**Source information**
- - -

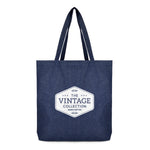 Denim effect Cotton/Polyester shopper with matching handles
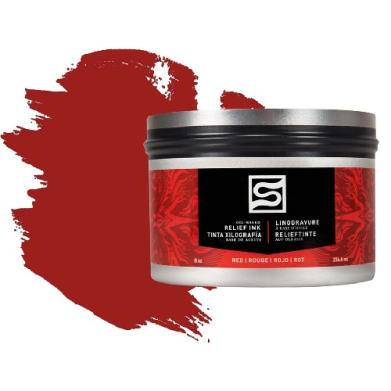 Speedball Red Oil Based Relief Block Printing Ink Can (8oz)  SP3911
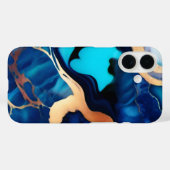 Trendy Blue Gelb Gold Imitate Marmor Case-Mate iPhone Hülle (Rückseite (Horizontal))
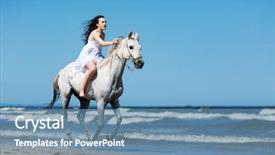  Presentation with horse riding - Beautiful PPT theme featuring trotting - young girl storming backdrop and a teal colored foreground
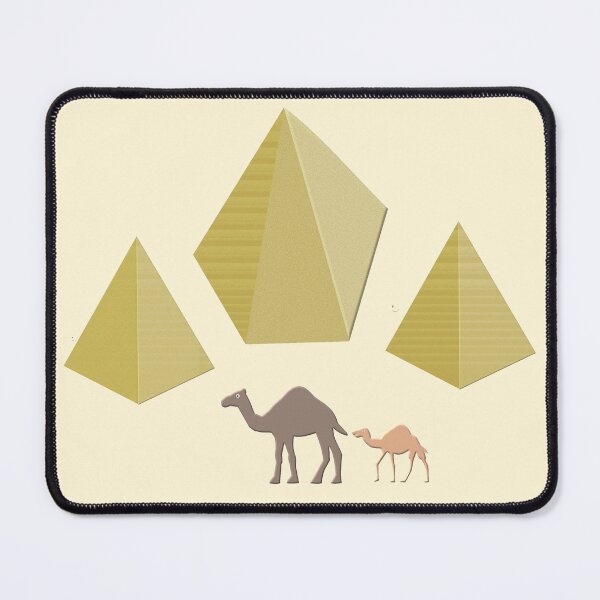 Item preview, Egyptian Camel Mother and Baby with Pyramids Digital Art designed and sold by naturegallery.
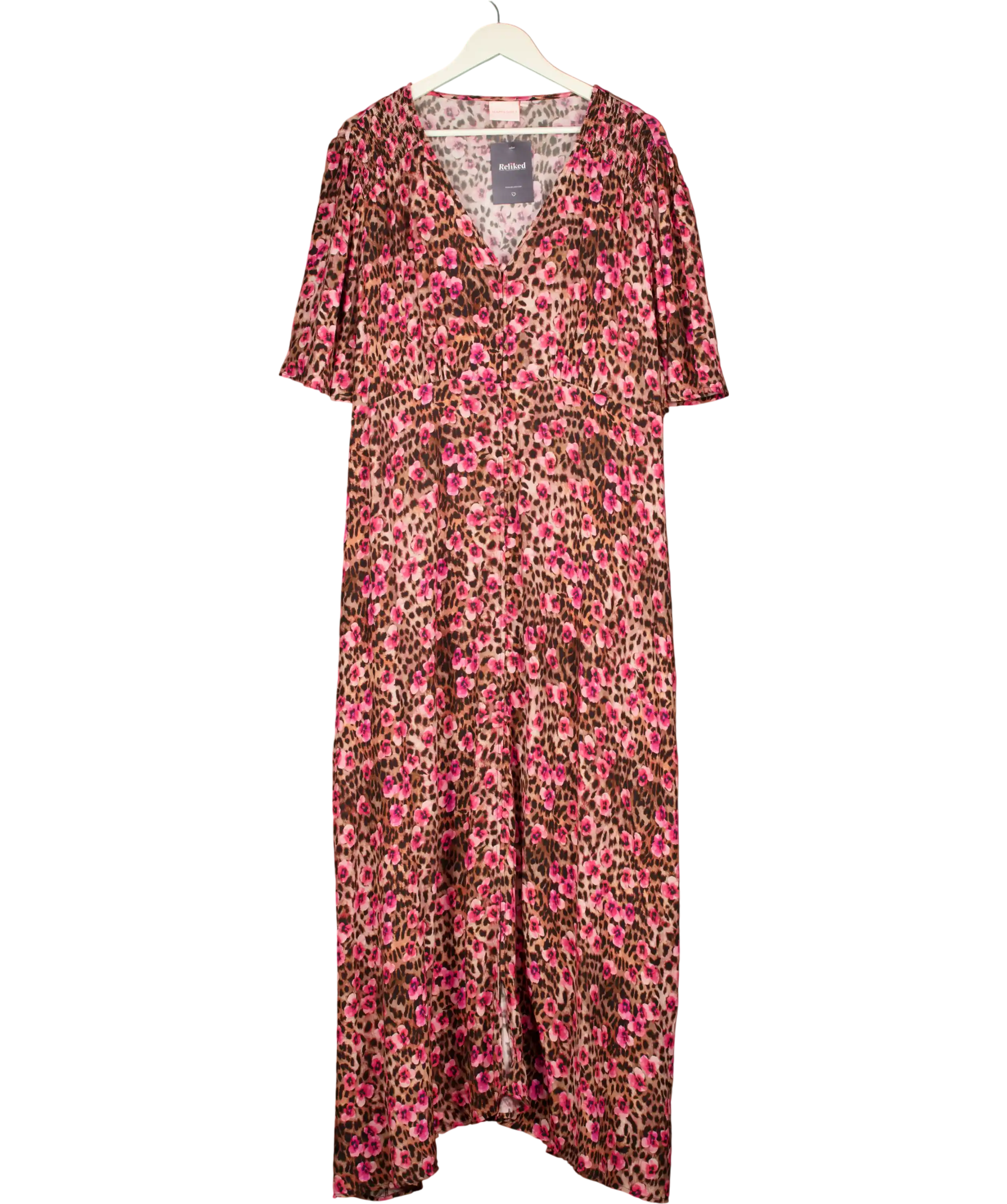 SCAMP & DUDE Pink Paradise Cheetah Angel Sleeve Midi Tea Dress Size 22 (uk 22) UK 22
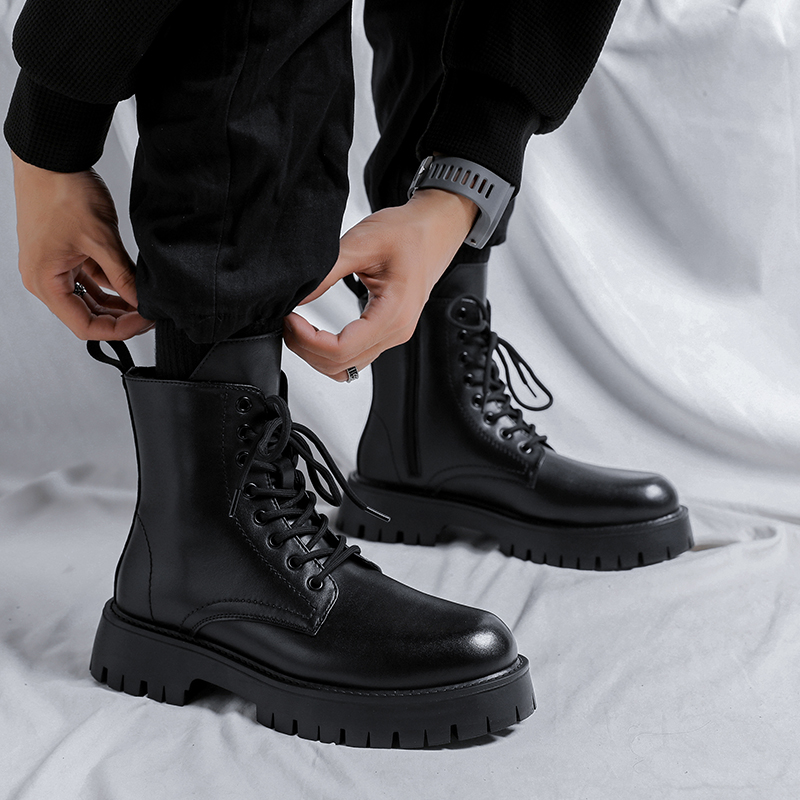 รองเท้าบูทหนังแท้แฟชั่นหรูสำหร - Street Fashion Brand บทวิจารณ์และราคา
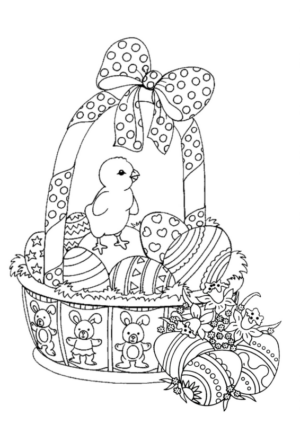 Adult-Easter-Coloring-Pages-Easter-Basket-with-Little-Chick-scaled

- - -

**Work instruction**
From the line containing "Trendy Blue Gelb" down to the last line of the data, print every line exactly and nothing else. Pictures stay out of the copy.

**Result of this task**
 Trendy Blue Gelb Gold Imitate Marmor Case-Mate iPhone Hülle (Rückseite (Horizontal))
  Presentation with horse riding - Beautiful PPT theme featuring trotting - young girl storming backdrop and a teal colored foreground
 Item preview, Egyptian Camel Mother and Baby with Pyramids Digital Art designed and sold by naturegallery.
 SCAMP & DUDE Pink Paradise Cheetah Angel Sleeve Midi Tea Dress Size 22 (uk 22) UK 22
 รองเท้าบูทหนังแท้แฟชั่นหรูสำหร - Street Fashion Brand บทวิจารณ์และราคา
 Adult-Easter-Coloring-Pages-Easter-Basket-with-Little-Chick-scaled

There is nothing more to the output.